“Never doubt that a small group of thoughtful, committed citizens can change the world. Indeed, it is the only thing that ever has.”— Margaret Mead
In 1987, the Food Pantry formed as a 501(c)(3) non-profit organization in response to the emergency food needs of Bastrop County residents. The Food Pantry celebrates its proud as a “Hunger Buster” food support center that responds immediately to individuals and families in a food crisis with a “no-wait, no red-tape” attitude.
It moved from its original location at 1002 Jefferson Street, to its current location at 1201 Pine Street in historic downtown Bastrop in May 1990. In August of that year, the Food Pantry inaugurated its Brown Bag program. In response to the growing needs of the community the Food Pantry opened the Jewell Hodges Support Center on March 3, 1995. The year 2001 ushered in a wave of changes at the Food Pantry. Mrs. Jewell Hodges, a Food Pantry founder who had faithfully served as the Food Pantry’s CEO since the beginning retired; in May 2002, Tresha Sanders-Silva, former prevention education coordinator for the Family Crisis Center, was named as Executive Director. Through her leadership, the Food Pantry continues to uphold its commitment to the community to supply emergency food while providing vital high-quality services to the families and individuals served by the Pantry. Continuing growth—in the numbers needing Food Pantry services and in the range of services promoted the addition of warehouse and office facilities at 806 Fayette Street in 2011. The Fayette Street site serves as the intake center for clients as well.

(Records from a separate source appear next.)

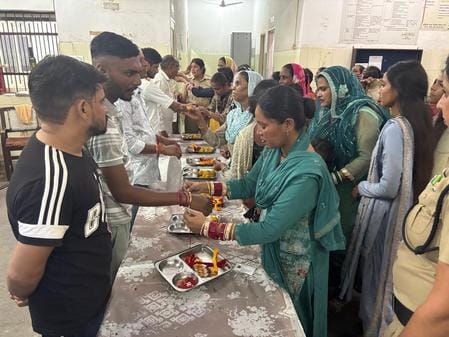 Sisters reached the jail... became emotional after tying rakhis to their brothers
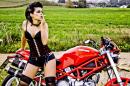 Секси байкърки: Мацки с Ducati Monster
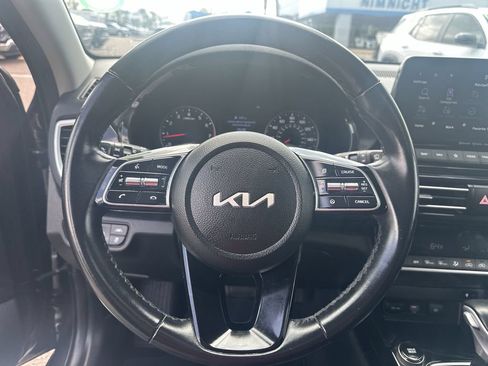 Used 2023 Kia Seltos EX AWD/4WD image 22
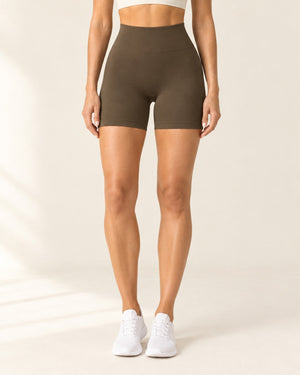 Seamless Scrunch Short in Coffee – front | Velvetella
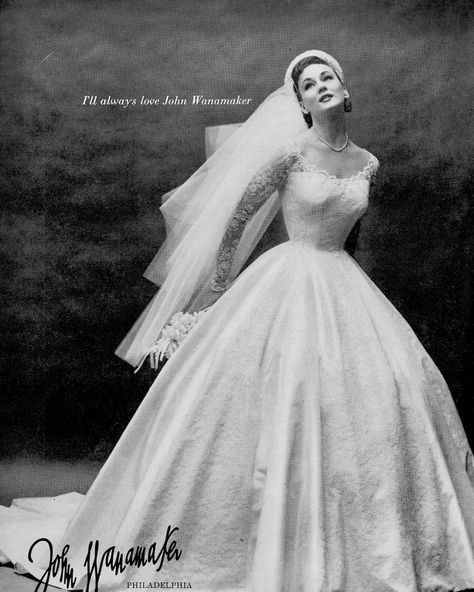 Alice Bruno in a John Wanamaker wedding dress 1955 #vintage #retro #fashion #vintagefashion #50s #50sfashion #1950s #1950sfashion… 50s Wedding Dress Vintage, 1950 Wedding Dress, 50s Wedding Dress, Antique Wedding Gown, Vintage Bridal Fashion, Antique Wedding Dresses, Vintage Retro Fashion, 1960s Wedding, Wedding Dresses 50s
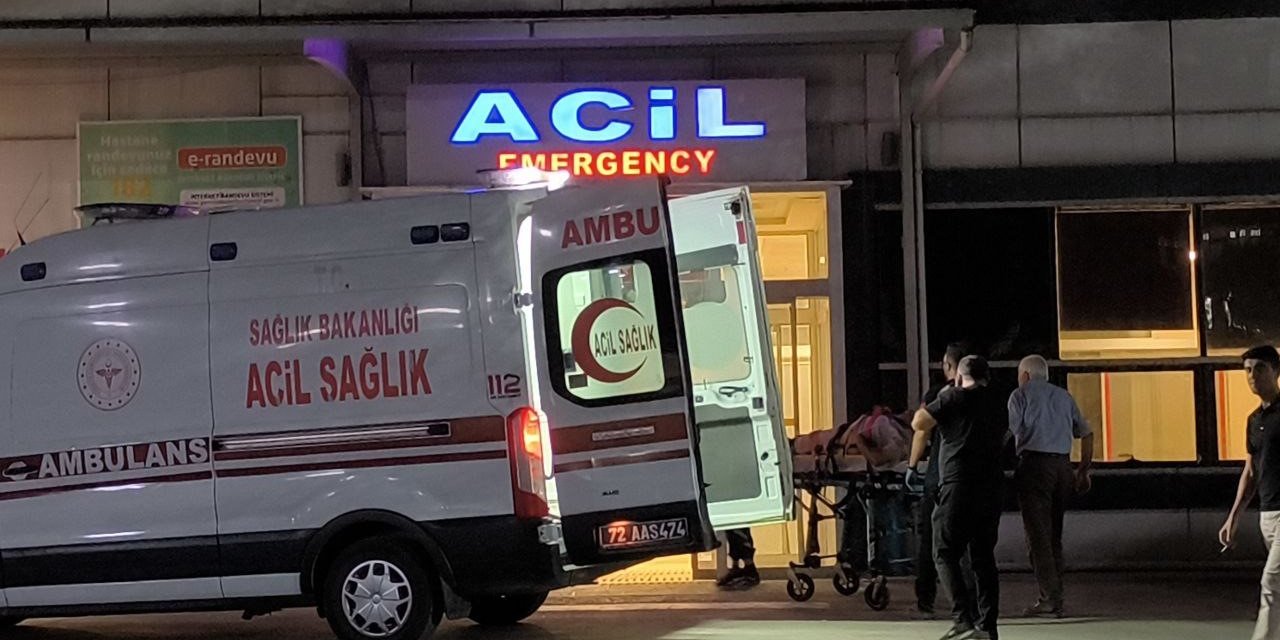 Batman'da tünel girişinde feci kaza: 12 kişi yaralandı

The Food Pantry’s Board of Directors (consisting of 5-15 individuals) from the community and an Advisory Council made up of 51 percent low-income residents of Bastrop create the policies for the Food Pantry, which has now grown to become a multi-service agency—committed to providing vital client services, in addition to food. They go beyond food distribution to include services which includes: counseling, advocacy, resource management education and referrals to other local agencies for additional support, such as job training. The Food Pantry runs a tight operation—primarily volunteer-driven with minimal paid staff.